:: Material for this task ::

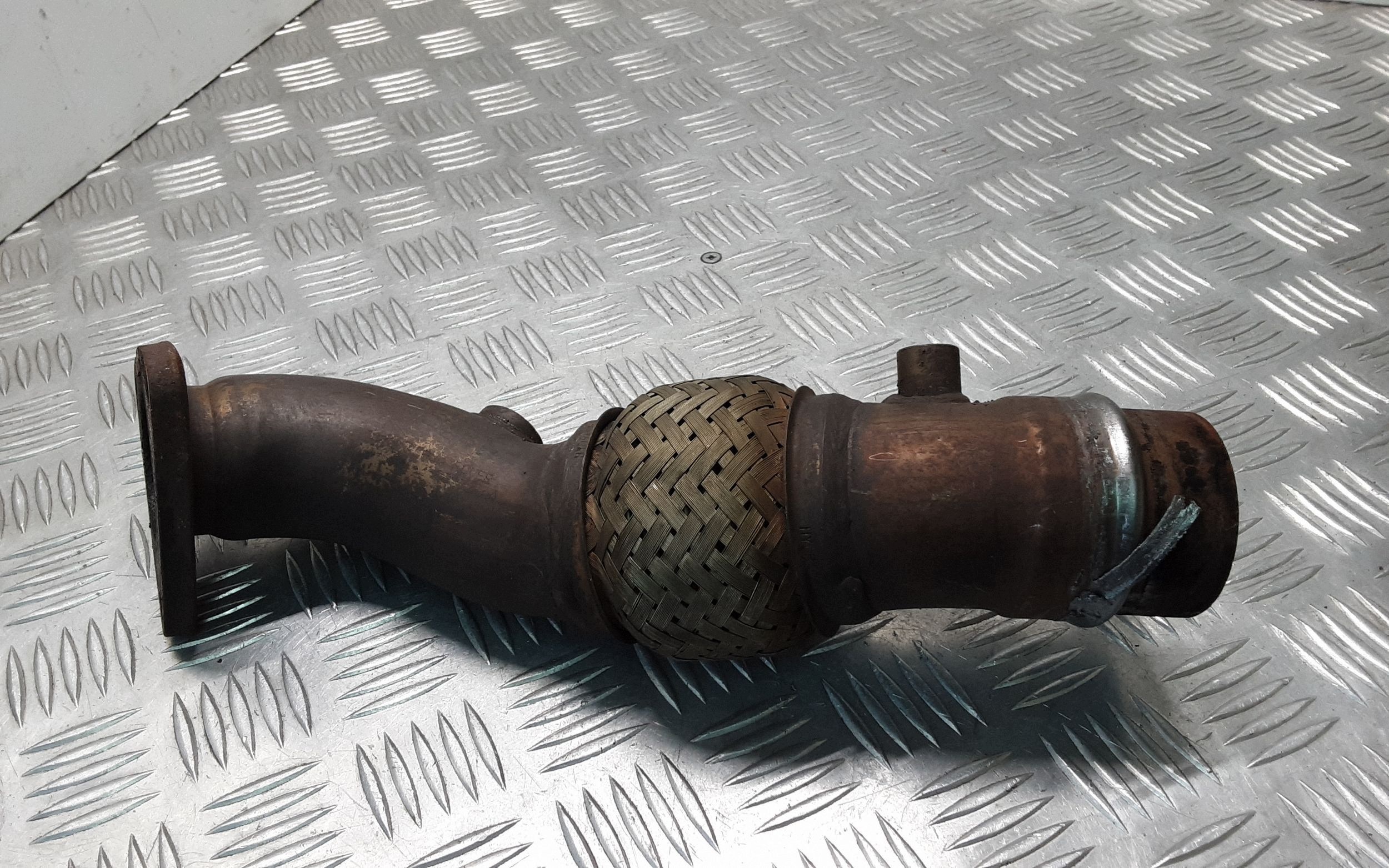 Braçadeira de escape OEM 969761 para Land Rover image 2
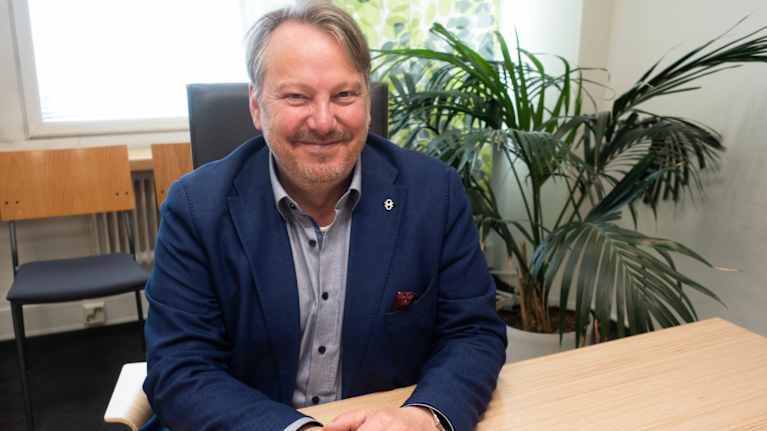 Mats Nylund från SLC i blå kavaj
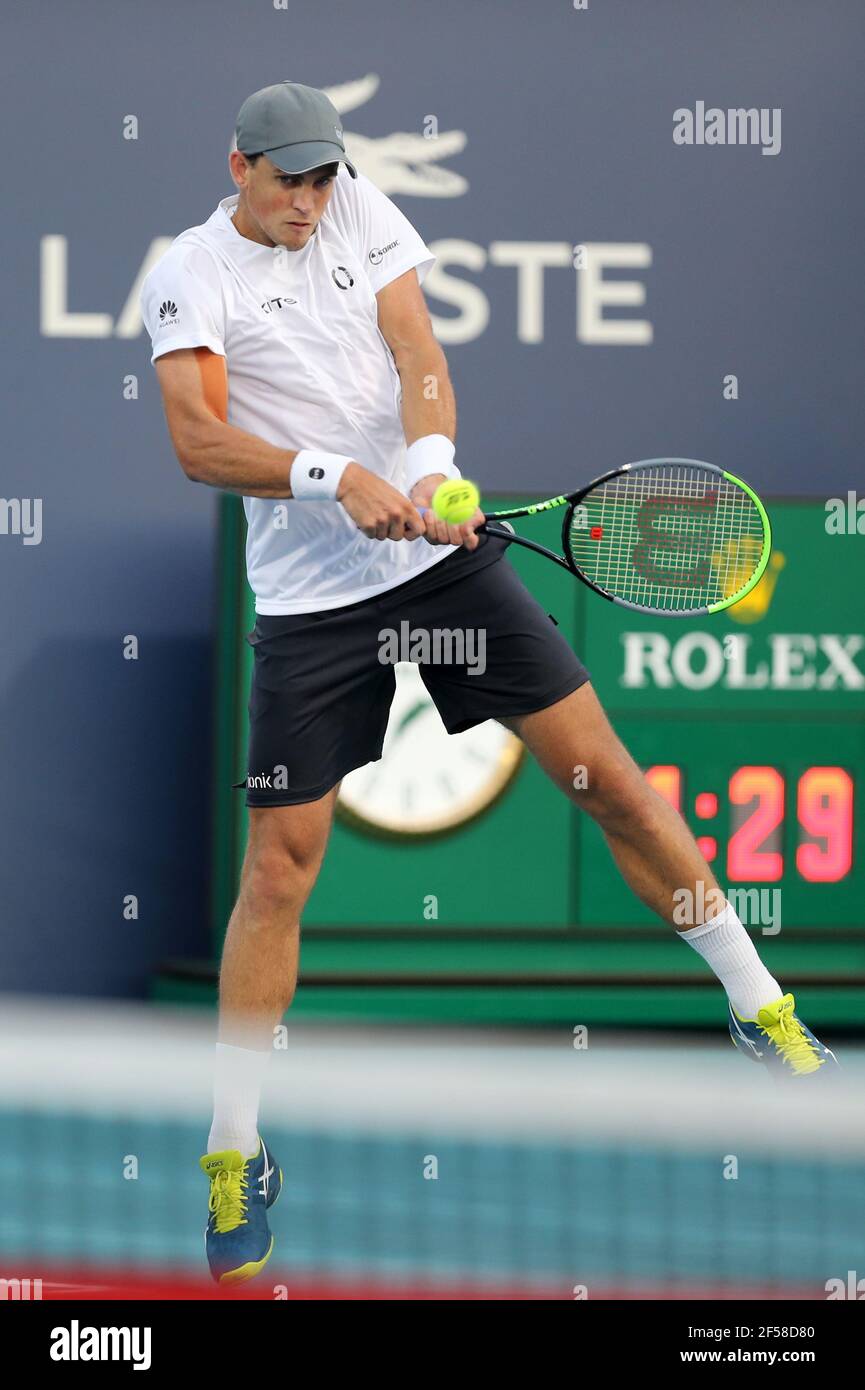 Miami Gardens, Floride, États-Unis. 24 mars 2021. Vasek Pospisil vu jouer le jour 3 de l'Open de Miami le 24 mars 2021 au Hard Rock Stadium à Miami Gardens, Floride personnes: Vasek Pospisil crédit: Hoo Me/Media Punch/Alay Live News Banque D'Images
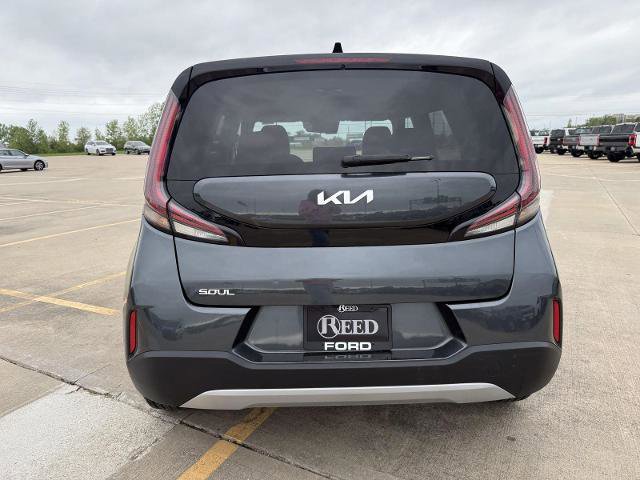 Used 2025 Kia Soul LX w/ LX Technology Package FWD image 8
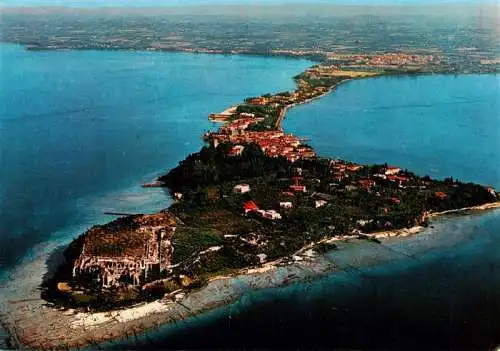 AK / Ansichtskarte  SIRMIONE_Lago_di_Garda_IT Fliegeraufnahme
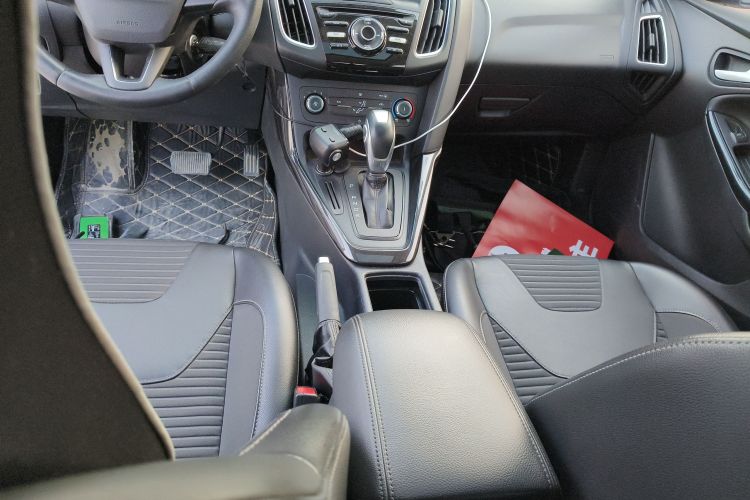 福特 福克斯 2018款 两厢经典 1.6L 自动风尚型智行版中控内饰18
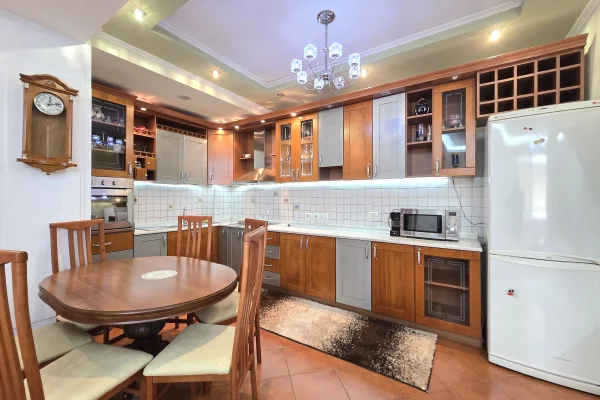 Shtepi me qera Apartament ne Tirane, 2+1, Mobilimi E mobiluar, Pagesa 50,000  Leke.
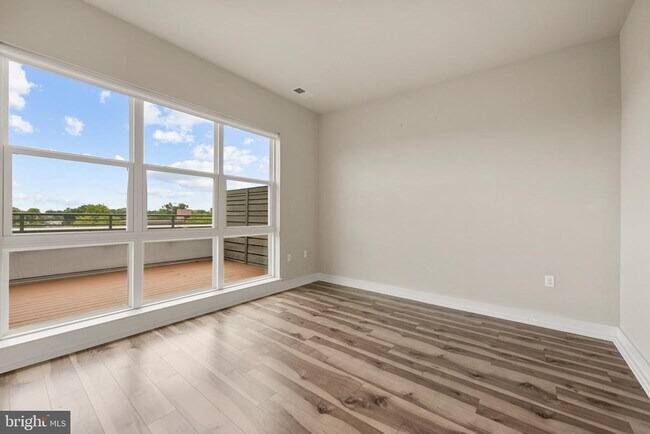 Building Photo - 1800 Mt Vernon Ave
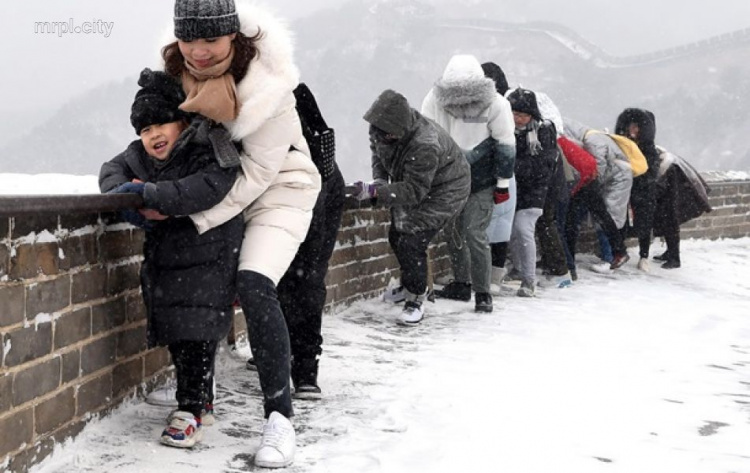 Великая Китайская стена стала «ледяной горкой» (ФОТО+ВИДЕО)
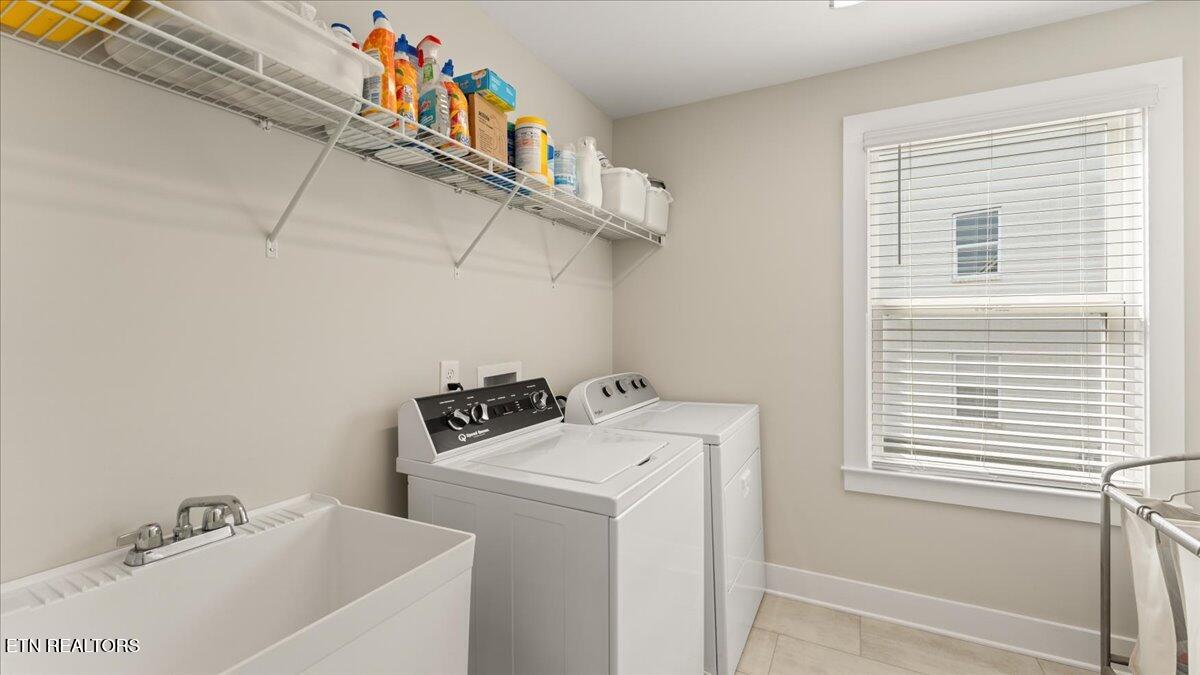 2622 Honey Locust Lane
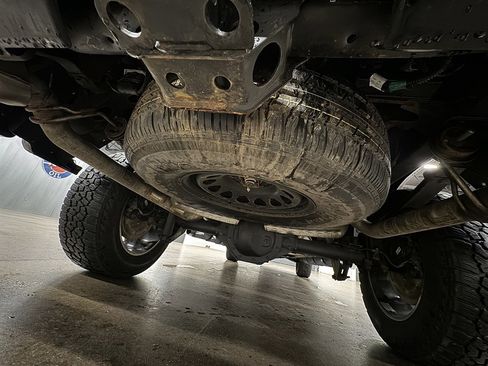 Used 2020 Chevrolet Silverado 1500 Custom Trail Boss w/ Custom Convenience Package image 38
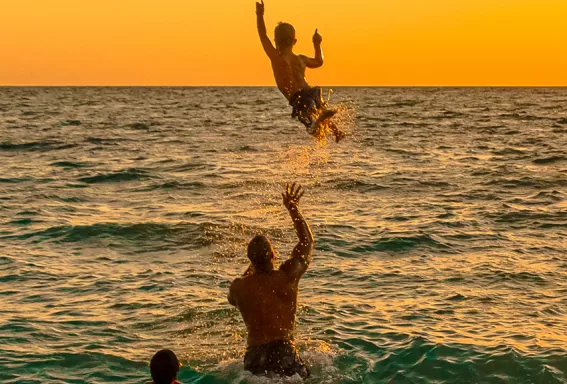 Familie hat Spaß im Meer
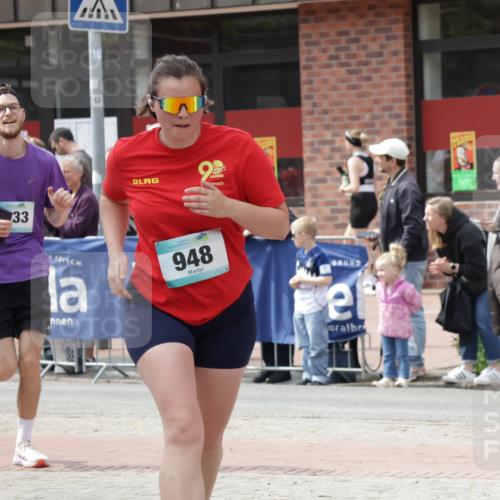10.05.2026 - 8. Wedeler Halbmarathon Yannick Fuchs http://msf.ph/oto/9736009 10.05.2026 11:59:29 Ziel 257, 598, 948, 2233 meine-sportfotos.de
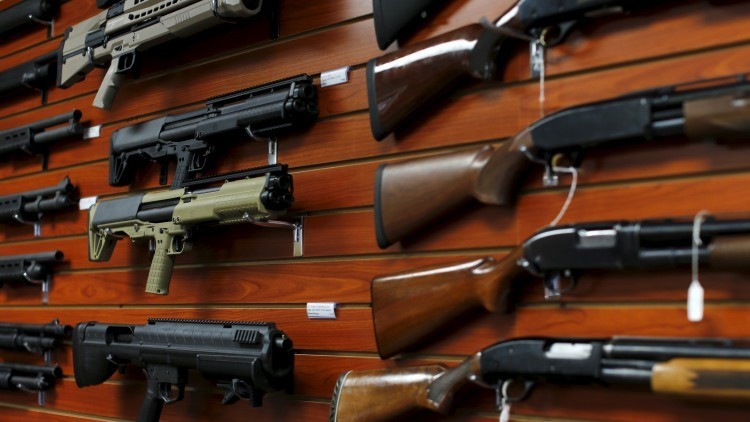 La propuesta de prohibir la venta de armas a terroristas fracasa en el Senado de EE.UU.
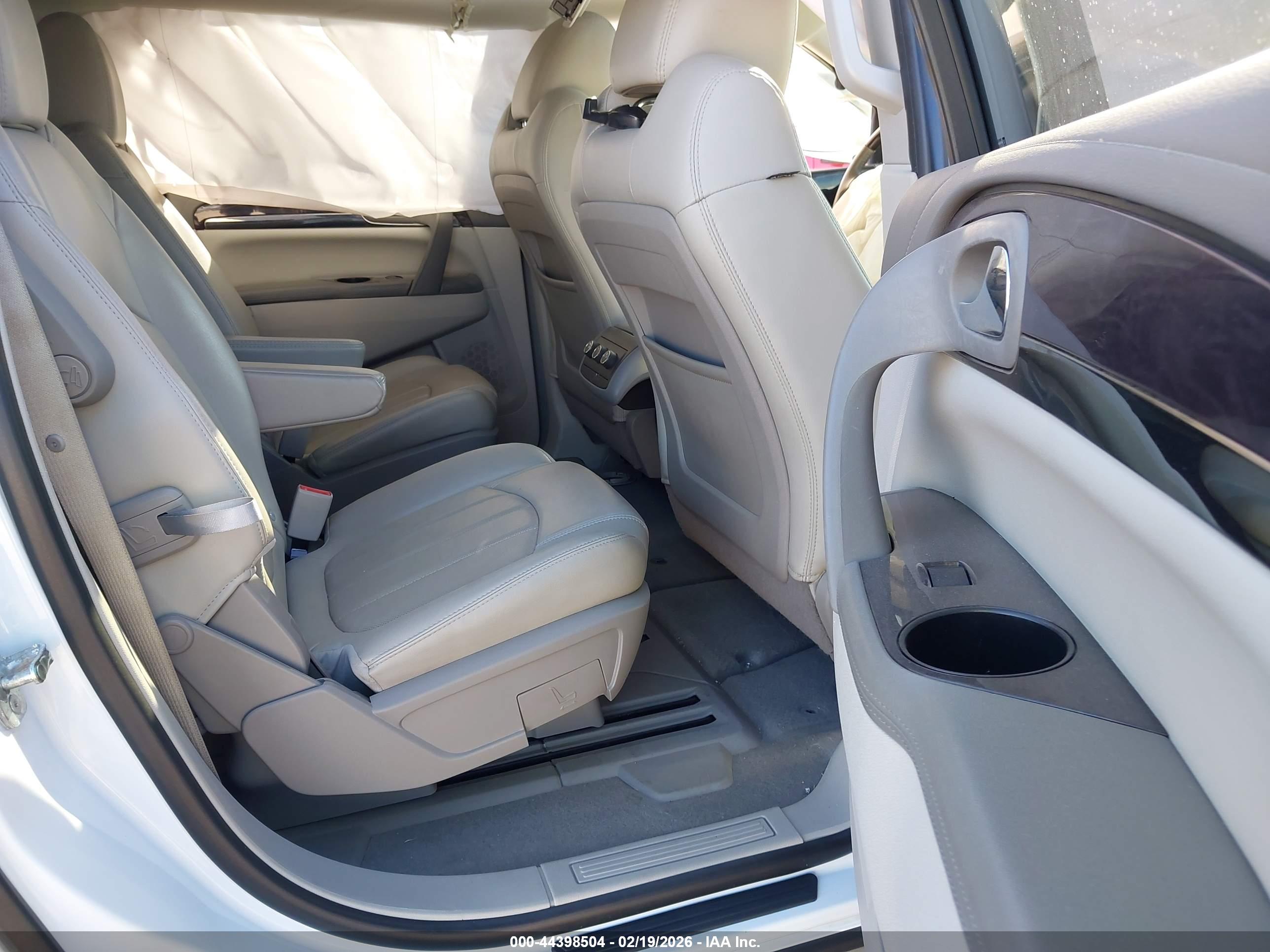 BUICK ENCLAVE image 8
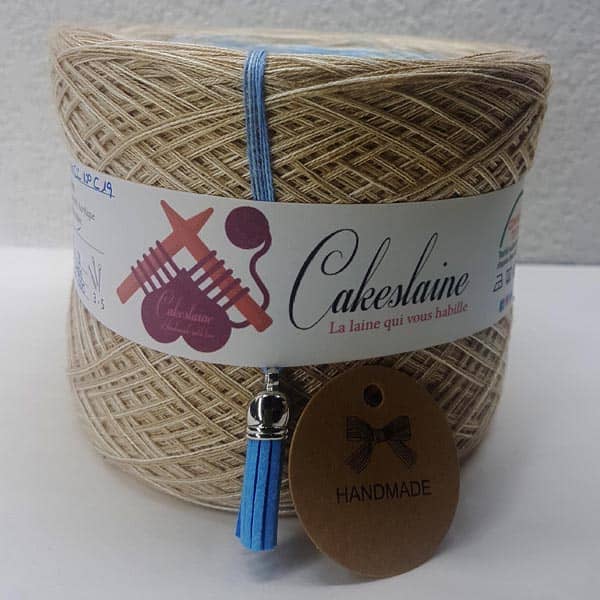 Produit Cake Pelote de laine ref: CL N°C19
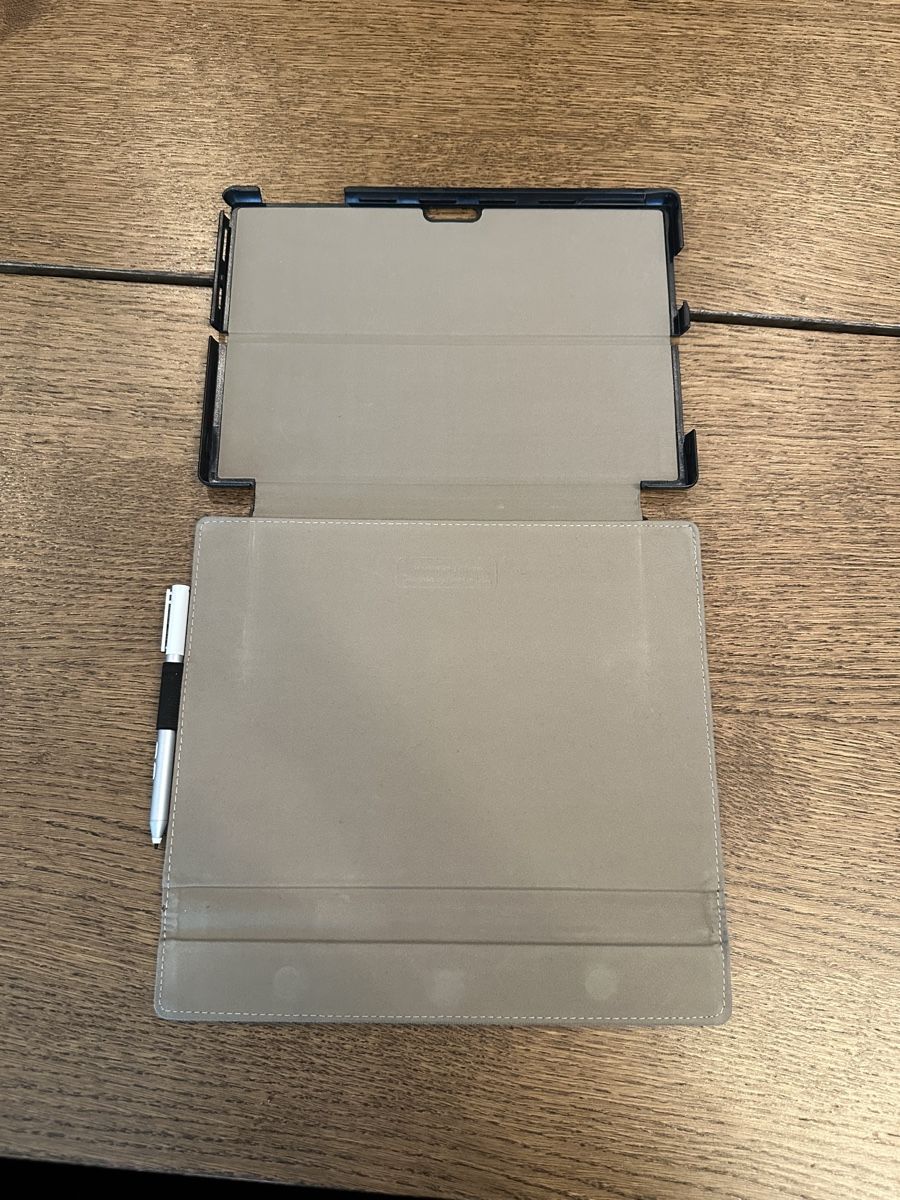 Microsoft Notebook: Microsoft Surface Pro 7+ i3/8GB/128GB – Usato da Basel venduto da olgarachel 4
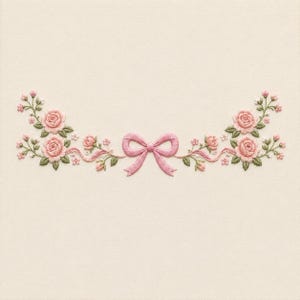 Pode incluir: Um design de bordado com um laço rosa central ladeado por arranjos florais simétricos. O padrão inclui rosas cor-de-rosa claras, pequenos botões e folhas verdes, tudo bordado sobre um tecido liso de cor creme claro.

:::

> **What you should do**:
Put each line of the listing above into the copy exactly, dropping the pictures.

> **Output for this task**:
 Braçadeira de escape OEM 969761 para Land Rover image 2
 Mats Nylund från SLC i blå kavaj
 Miami Gardens, Floride, États-Unis. 24 mars 2021. Vasek Pospisil vu jouer le jour 3 de l'Open de Miami le 24 mars 2021 au Hard Rock Stadium à Miami Gardens, Floride personnes: Vasek Pospisil crédit: Hoo Me/Media Punch/Alay Live News Banque D'Images
 Used 2025 Kia Soul LX w/ LX Technology Package FWD image 8
 AK / Ansichtskarte  SIRMIONE_Lago_di_Garda_IT Fliegeraufnahme
 福特 福克斯 2018款 两厢经典 1.6L 自动风尚型智行版中控内饰18
 Shtepi me qera Apartament ne Tirane, 2+1, Mobilimi E mobiluar, Pagesa 50,000  Leke.
 Building Photo - 1800 Mt Vernon Ave
 Великая Китайская стена стала «ледяной горкой» (ФОТО+ВИДЕО)
 2622 Honey Locust Lane
 Used 2020 Chevrolet Silverado 1500 Custom Trail Boss w/ Custom Convenience Package image 38
 Familie hat Spaß im Meer
10.05.2026 - 8. Wedeler Halbmarathon Yannick Fuchs http://msf.ph/oto/9736009 10.05.2026 11:59:29 Ziel 257, 598, 948, 2233 meine-sportfotos.de
 La propuesta de prohibir la venta de armas a terroristas fracasa en el Senado de EE.UU.
 BUICK ENCLAVE image 8
 Produit Cake Pelote de laine ref: CL N°C19
 Microsoft Notebook: Microsoft Surface Pro 7+ i3/8GB/128GB – Usato da Basel venduto da olgarachel 4
 Pode incluir: Um design de bordado com um laço rosa central ladeado por arranjos florais simétricos. O padrão inclui rosas cor-de-rosa claras, pequenos botões e folhas verdes, tudo bordado sobre um tecido liso de cor creme claro.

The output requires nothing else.